Your assignment: Every record here must be copied exactly, except for the images it holds.

Web page caption snippets:
----

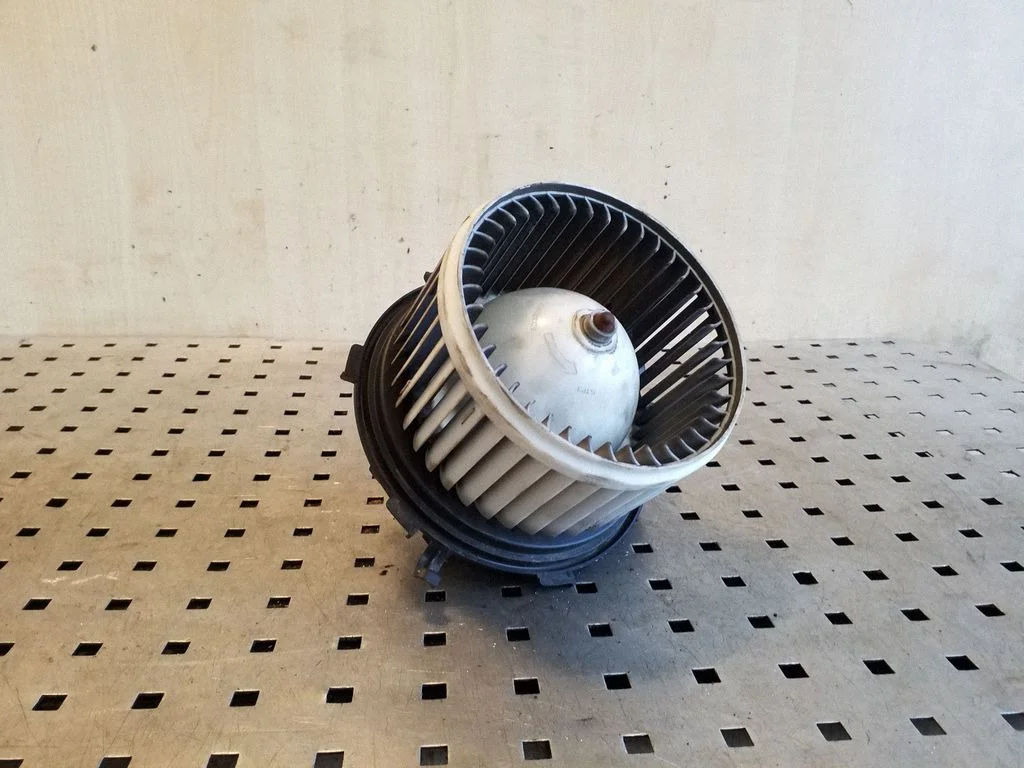 Heater fan/blower 5E1630100
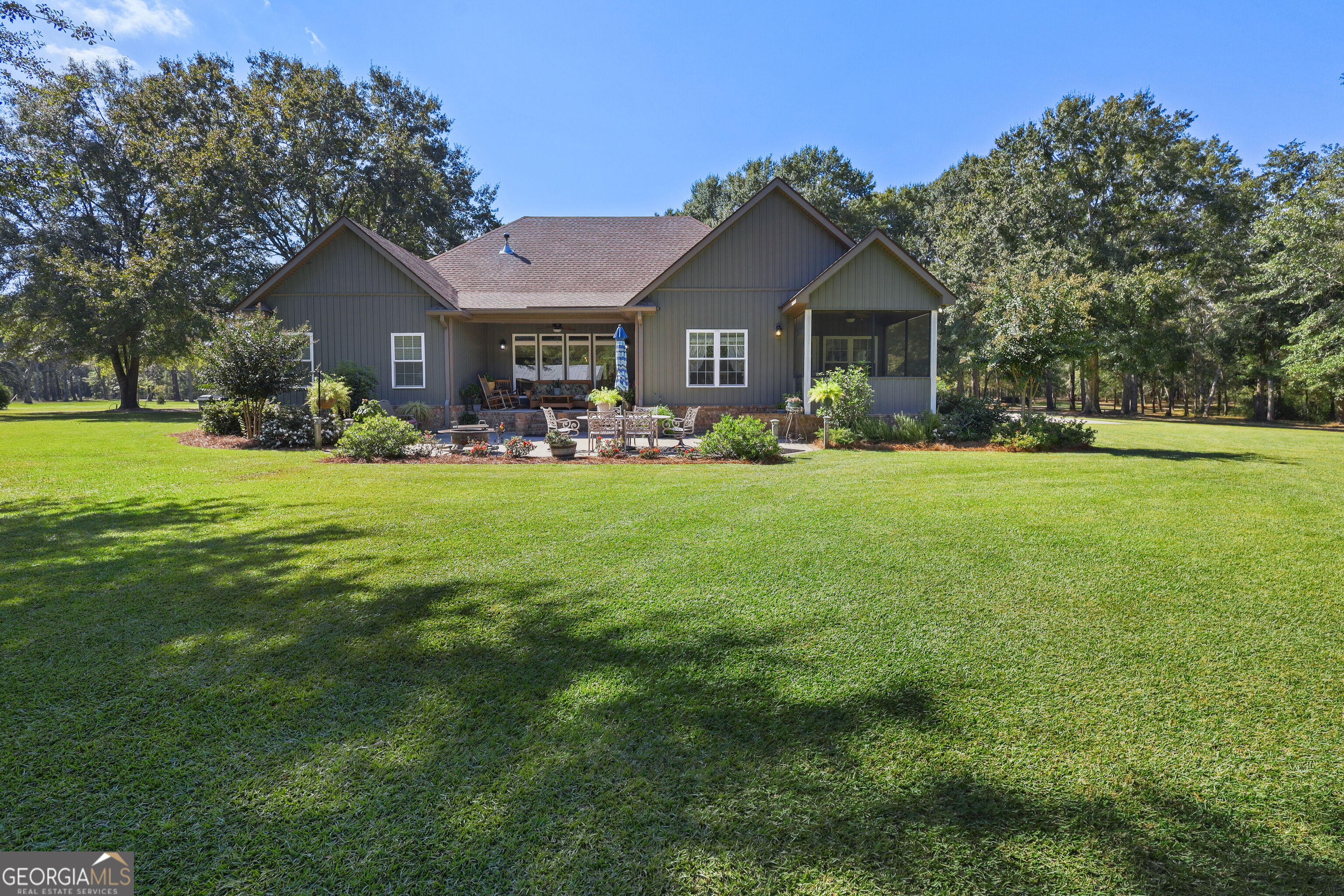 255 Rogers Circle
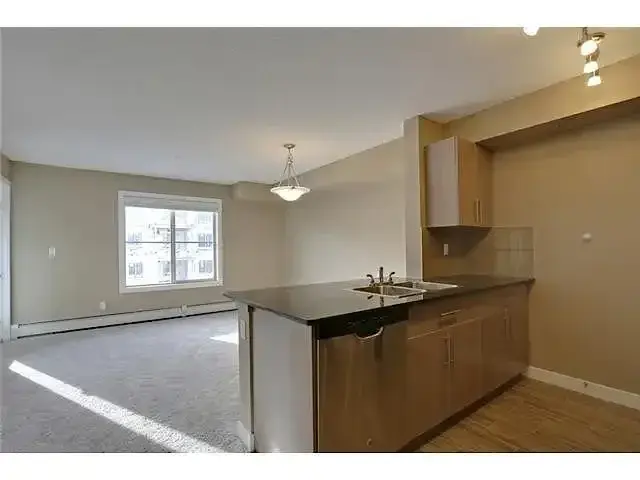 CONDO FOR RENT NEAR DOWN TOWN | 305 - 2715 12th Ave. SE, Calgary | 2899696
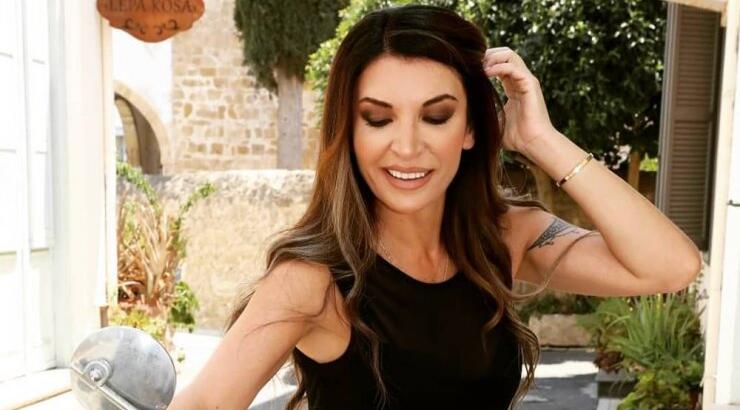 Μαρία Ιωάννου: Με ανανεωμένη εμφάνιση η ηθοποιός! [εικόνα]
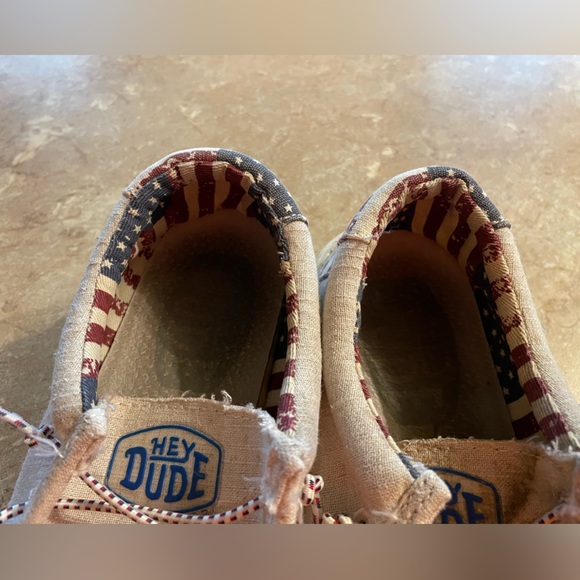 Size 3-4 Hey Dudes - Picture 5 of 5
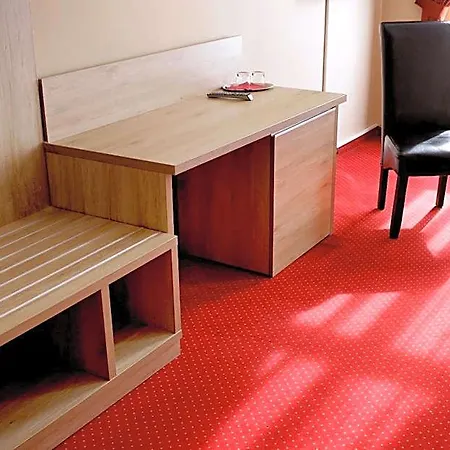 Hotel Stardust Nové Zámky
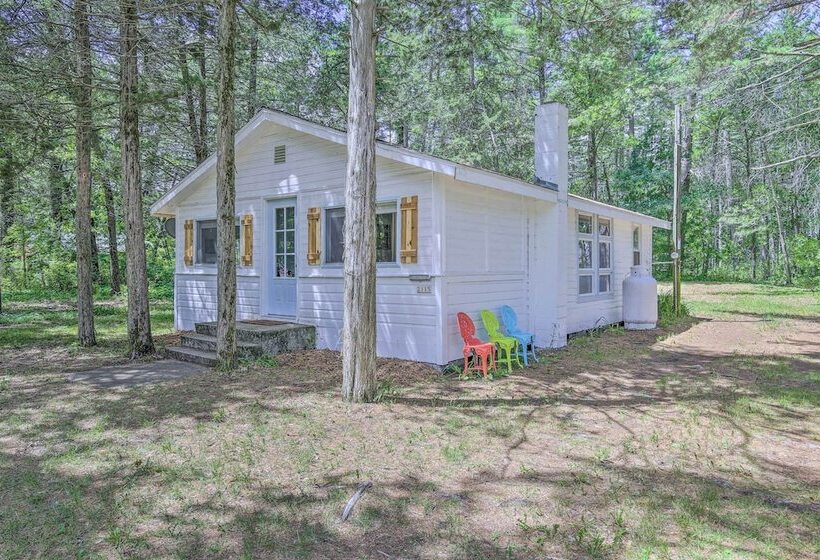New Cute & Charming Cottage Near Castle Rock Lake!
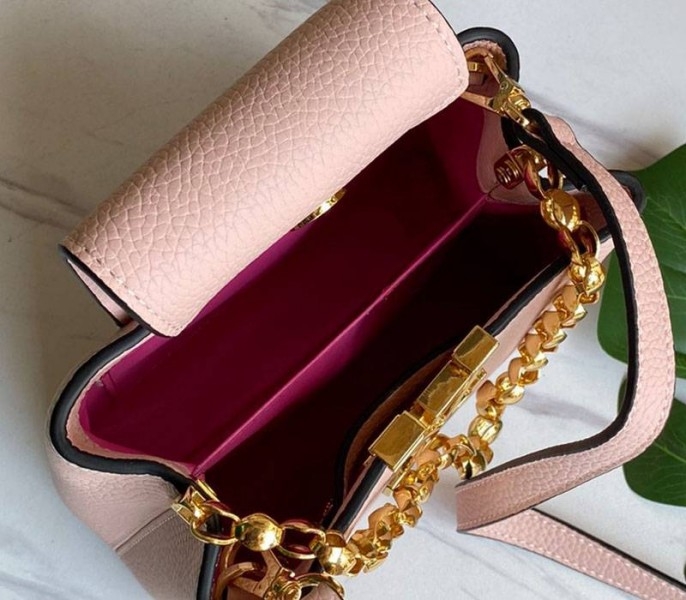 L0vis Vvtt0n Capucines Mini Chain Bag In Pink
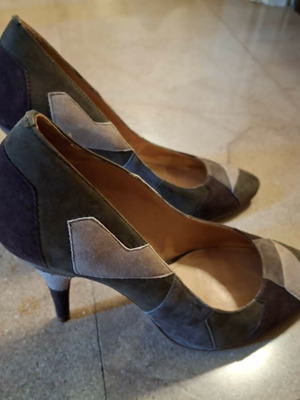 Leather high heel shoes in olive and brown shades, size 39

----

Your solution:
 Heater fan/blower 5E1630100
 255 Rogers Circle
 CONDO FOR RENT NEAR DOWN TOWN | 305 - 2715 12th Ave. SE, Calgary | 2899696
 Μαρία Ιωάννου: Με ανανεωμένη εμφάνιση η ηθοποιός! [εικόνα]
 Size 3-4 Hey Dudes - Picture 5 of 5
 Hotel Stardust Nové Zámky
New Cute & Charming Cottage Near Castle Rock Lake!
 L0vis Vvtt0n Capucines Mini Chain Bag In Pink
 Leather high heel shoes in olive and brown shades, size 39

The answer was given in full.